To answer to question about air drying on wet days - Rainy days and winter do make outdoor drying difficult, but we still air dry our clothes indoors by using a clothes drying rack like this one. Being round it works really nice under a ceiling fan. Just leave it there all night while the family sleeps and you will have dry clothes in the morning!


Tuesday 11th of May 2010

WOW! Thanks Kristen, and everyone for all your great ideas and answers. I'm SO excited. Love the plant idea for outdoor drying, since I have a really small backyard and wasn't really looking forward to the clothesline dominating the landscape. I'm going to try out some of those indoor techniques today! Thanks!!!!


Monday 10th of May 2010

If you buy one of those rotating clothes lines, they usually fit quite nicely inside an umbrella-stand. Now using this outside is dicey (the wind can blow it over and break your clothes lines... ask me how I know this), but it's great for inside. If you have a big room where you can put it, that is - mine is in the basement (as is the laundry machine.)


Monday 10th of May 2010

I love all the line drying ideas. A drying rack might be just what I need. I can't see myself line drying all of our laundry--both because I don't think I'd be motivated enough and because we have a side yard and I really don't need everybody driving by to see my underwear ;)--but I've been wanting to start drying the baby's diapers outdoors, so they'll last longer and the stains will get sunbleached out.

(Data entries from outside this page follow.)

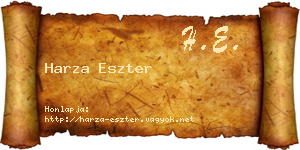 Harza Eszter névjegykártya
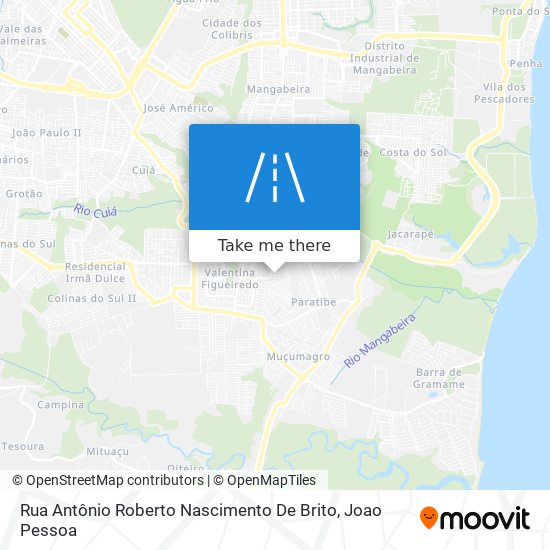 Mapa Rua Antônio Roberto Nascimento De Brito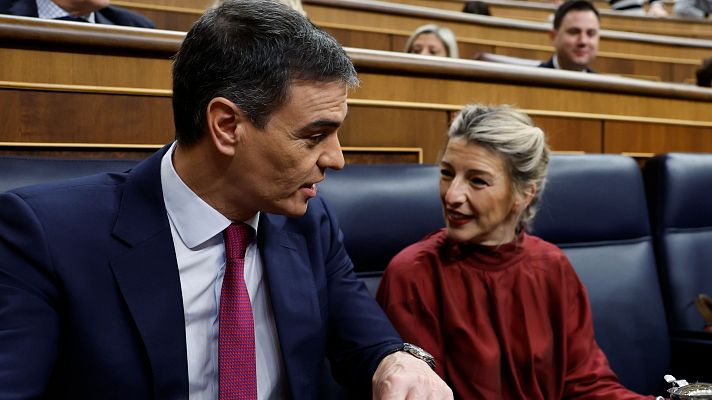 Sánchez respalda a Sumar en el caso Errejón y niega conocer a Aldama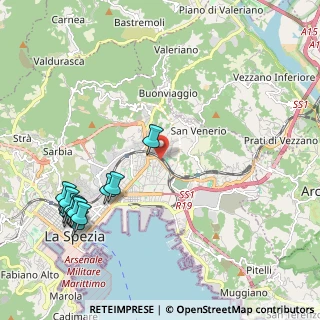 Mappa SS 1 Via Aurelia, 19126 La Spezia SP, Italia (2.69083)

Since I usually only have 12-16 diapers to dry at a time, a drying rack would probably be more than enough room, and I could fold it up and bring it inside so it wouldn't be a fixture in our shared yard.


Monday 10th of May 2010

I thought I'd mention that in addition to saving money through not running a dryer, line drying your clothes also makes them last a lot longer. I use my dryer for socks, underwear, sheets, and towels, but I hang pretty much everything else. I usually do this on racks or on hangers indoors, but I find my clothes last much longer when they aren't exposed to high heat. However, putting clothes into the dryer for just a few minutes after they come out of the washer does make the wrinkles come out much better.